* _DATA EXCERPT_:
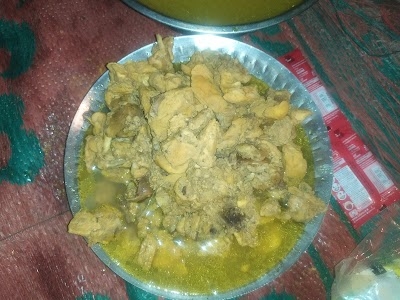 Dinesh Chicken Centre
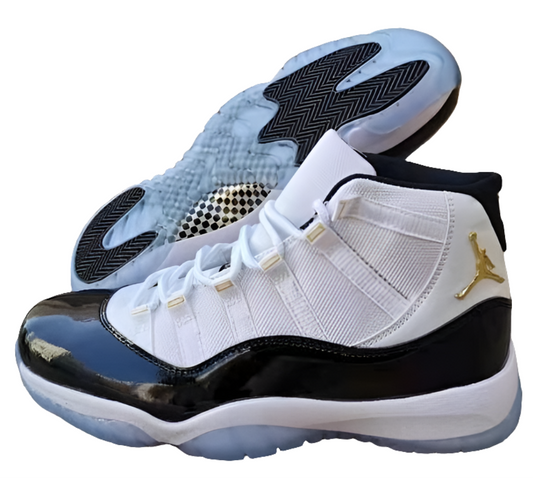 Les baskets Air Jordan 11 offrent un style iconique et une performance exceptionnelle.
  design emblématique   haute qualité. Au meilleur prix. Pas cher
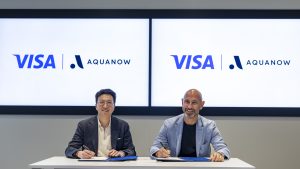 Visa taps Aquanow to extend stablecoin settlements to Africa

* _EXERCISE AIM_: Beginning with the line containing "prix. Pas cher" and ending with the last line of the listing above, output those lines exactly as written, without pictures.

* _RESULT OF THIS TASK_:
  design emblématique   haute qualité. Au meilleur prix. Pas cher
 Visa taps Aquanow to extend stablecoin settlements to Africa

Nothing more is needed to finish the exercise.